This discussion has been hidden
Static quants should be pretty much identical, other than depending on the version of llama.cpp used. If there are significant differences, this is a llama.cpp upstream issue and must be reported there.
A cursory look shows that the tokenizers are quite different. Unless the model changed over time, this would indicate an issue with llama.cpp's conversion script. Given that llama.cpp think what we do here is useless, good luck getting that fixed.
Good news then, it's fixed.
There is no issue with my quants - they were made with an older version of llama.cpp that generated worse results than current ones. That's true for practically tens of thousands of quants on huggingface. You can request a requant with the current version if you wish, and I will consider it, but fuzzy whataboutism is not going to help. I wish I could just remake the petabyte of quants every time llama.cpp has a bugfix or improvement, but not being able to do that doesn't invalidate older quants.
And if you want to go hunting and make a list of affected models, be my guest - I can try to requant them as well, hoping they get better.
Then we have a good window of when it had to have been fixed - I usually update llama.cpp at least once per week. Or it's still buggy but trigger conditions are more complex - there are essentially no user-accessible knobs in the process.
I have requeued this model, to see if the current llama.cpp generates the same tokenizer output with the set-up from then. Should be done in a few hours.
The tokenizer in the new quant looks like the newer quants from richard. Since my quantizer script didn't change, and I used the same settings (which are record in the model card), this shows its a bug in the older version of llama.cpp in use at the time. If you want to track down more models, I would suspect that other mistral or mixtral models might be good candidates. It's unlikely that a lot of models are affected, as at the time, the converter scripts were severely reworked for the llama 3 tokenizer issues.
(I did not measure the perplexity)
You can't use perplexity like that. You need to compare exactly the same model.

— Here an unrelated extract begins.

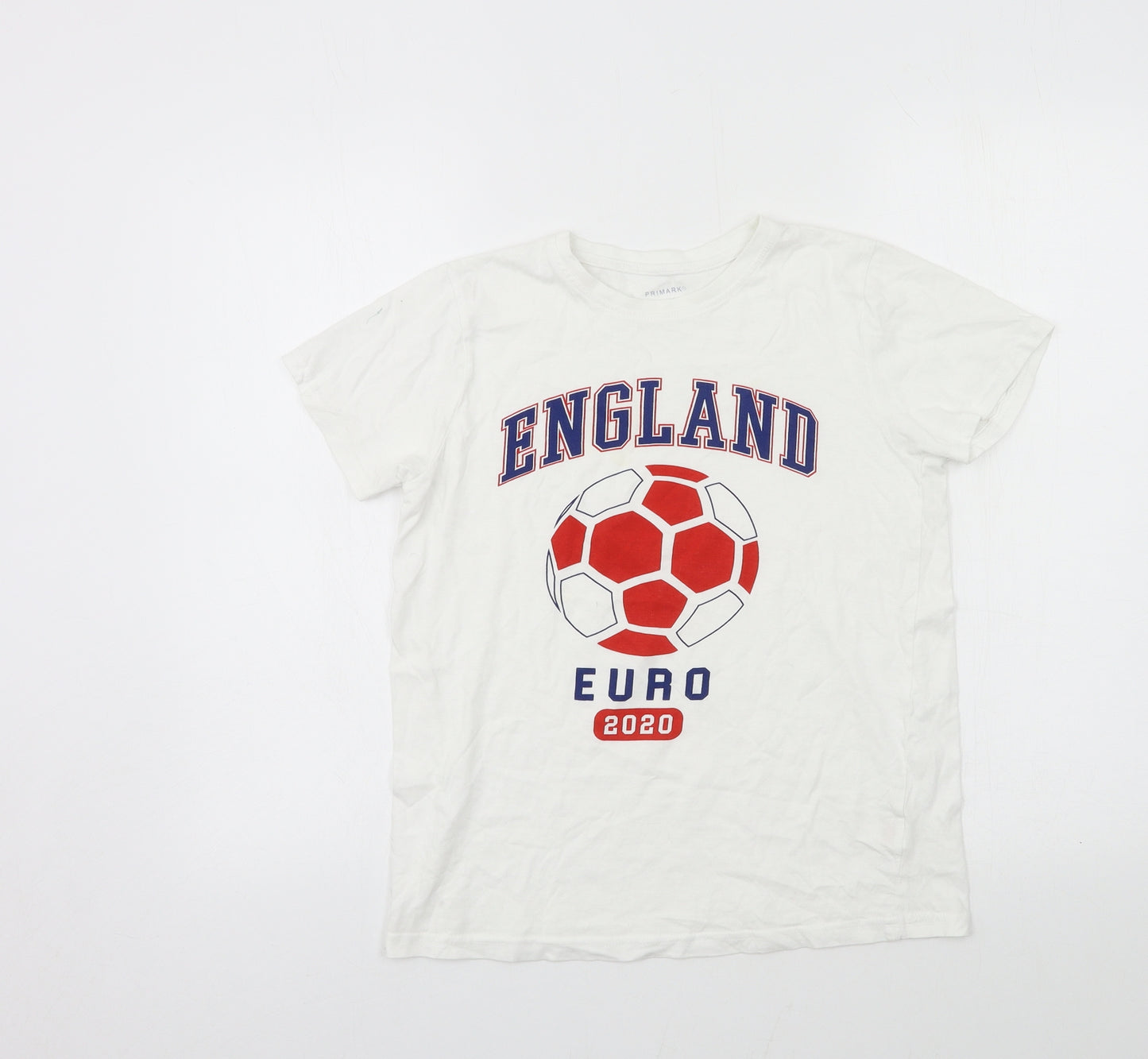 Primark Boys White  Jersey Basic T-Shirt Size 10-11 Years  - England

My version is probably done without quantising the output tensor, so likely has slightly higher quality and slightly larger filesize. All my older quants kept the output tensor unquantised.
Addendum: also, inferenceillusionist quantised the source twice, first to f16, then to q4_k_m (according to his model card), causing extra quality loss, while I only quantised once, further improving fidelity to the original model.
Neither should make much of a difference in practise.
You seem to confuse perplexity with quality. They are not the same. It's possible that the version of llama.cpp I used would create lower quality quantisations, but the facts are that Inf-I. quantized twice (which loses fidelity to the original model) and my version did not quantize the output tensor (which also guarantees higher fidelity to the original model). That explains the size differences and can also explain the insignificant perplexity differences, because the quants are not identical. This answers your question.